Even more important, in this time of campaigning for the next President, how much allegiance do the various candidates for that office already owe big oil and big weapons manufacturers? Before replying, based upon your own unique allegiance of course, your candidate being the good one while the other two are not, its a trick question. All three are up to their elbows in money from all those sources. Thus the future looks bleak as far as a change of direction in both areas is concerned.
A trillion dollars here, a trillion dollars there, and soon you’re talking real money. But when it comes to reporting on what the Bush war legacy has cost American taxpayers, the media has been shockingly indifferent to the highest run-up in military spending since World War II.
Eight wasted years…
Jeffrey Sachs says it all.
May I just add…. AAARRRGGGHH!!!!!
Eight years behind? Try 30. Carter had the right idea about pursuing alternatives following the oil shocks of the 70s, but Reagan made sure that fossil fuels were our only priority. Unfortunately Bill Clinton did little to reverse this. The political right and the oil men are depending on keeping us addicted by tapping the largely unused reserves in Iraq. As a bonus, drilling in politically unstable parts of the world will keep the military-industrial complex well funded. Meanwhile the rest of the world will be passing us by.
The essence of the problem, is that people are stupid.
They make a good point on Beef being enviormentally hazardous. Any meat production on the industrial scale it is now can only lead to disaster. If only veggie-mongers would take this talking point instead of the sanctimonious “Meat is murder/we’re better than you” angle, which actually is more effective in generating donations from gullible/emotional people who don’t realize they’re being scammed.
But I digress…
Industrialization needs to scale back. Locally produced foods have to come back…personal gardens have to become the norm. And, most importantly, exotic foods must remain in exotic locations..not shipped anywhere in the world!
You want seafood? Go to the shore! You want Prairie Oysters? Go to the Prairies!
You want Veggies? Grow them!
You want Mangoes? Sail to “Mangoland”!
North America’s love affair with the automobile has become a codependent relationship…it’s time to start dating other modes of transport, folks. We will soon have no choice but to travel by train or bus…I love trains, so it’s win/win for me!

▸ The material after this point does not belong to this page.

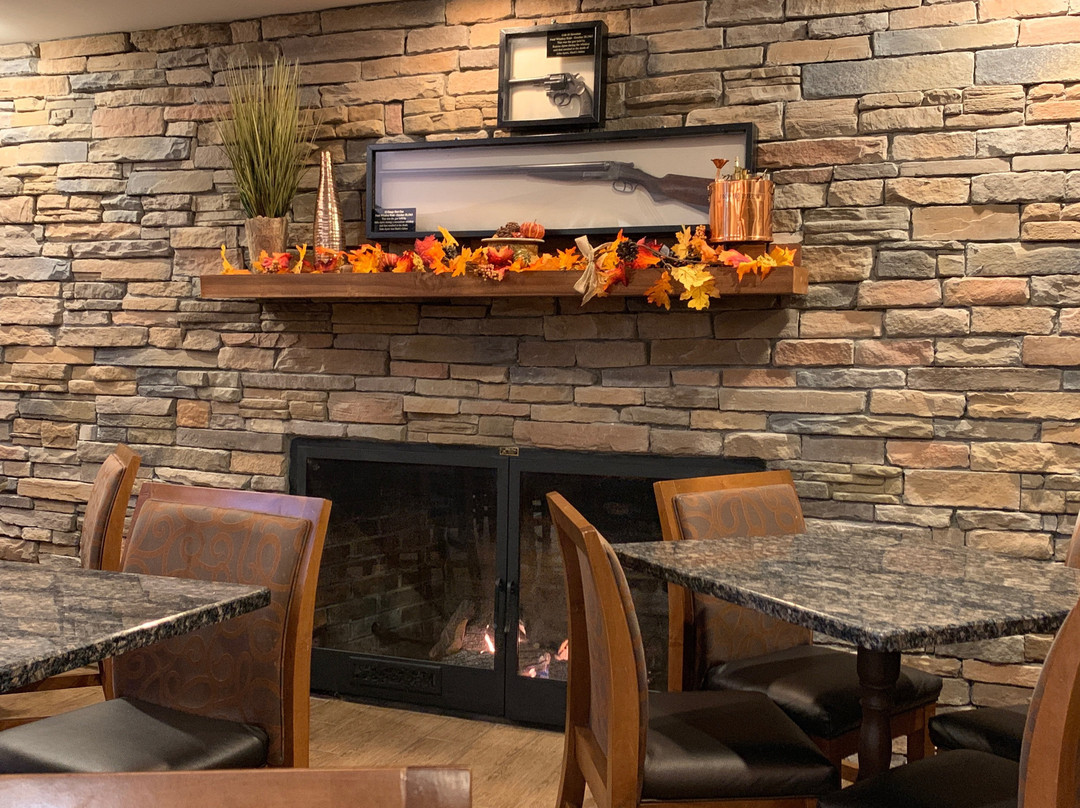 Hampton Inn Caryville-i-75/cove Lake-state Park主图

I especially love the subways in NYC. Never a dull moment, always something (or someone) to see…
But the best thing that can happen to us is for our present way of life to grind to a halt…it’s the only way “stupid people” will wake up. Sure, there will be massive losses of life, but the only way we adapt to change is to be affected by change.
This problem will solve itself later on but not without billions of people suffering tremendously and a few people profiting tremendously. There are steps that could be taken to tilt the scale towards less suffering and less profit but that’s like asking politicians to lay off the hookers and closet gay sex - it’s just their nature and its not gonna stop just because you ask them to.
bill mahr is really starting to annoy me… what a smug know it all… he may be clever and playing for my team, but i get the feeling he´s drunk the kool aid, and will end up the way of dennis the douche comedian (i forget his name)on fox… he would stab anyone in the back just to save his gig… it is a good illustration of how far to the right things have gone when we revere this eliteist windbag…
good informative guest though…
It’s not the energy sources, it’s who controls the energy sources. The corporate fascists will only move on to other sources if they can control them. Remember Enron.
I would never mistake Bill Maher’s Frustration and contempt for “stupid people” for “Eliteism”.
When you see a roomful of people banging themselves bloody with hammers even though you repeatedly warned, in depth, that such a practice is self-destructive, eventually you come across sounding eleitist when you shake your head in disgust and call these hammers-to-the-heads “stupid”.
Don’t kiss Jeff Sachs’ ring. His ideas ruined the Global South. Everything he touches turns to shit.
the want is impeachment
the need is change
the time is NOW!!!
“cheney and bush” must go NOW!!!
Global mismanagement; war crimes, torture; put this bush bastard in jail; and you can derail the whole bush family so we never have to sit through a mess like this again. Its not acceptable to waste 8 years and Trillions of dollars and millions of human lives. What kind of system do we have; where one little ignorant prick can do so much damage for so long???
Verdillac @ 10:
Your absolutely right on that note. The Moron Factor in America is not diminishing, it’s growing. I am starting to think it hovering around 48% right now and we can thank the religious right and the “home-schoolers” a lot for that.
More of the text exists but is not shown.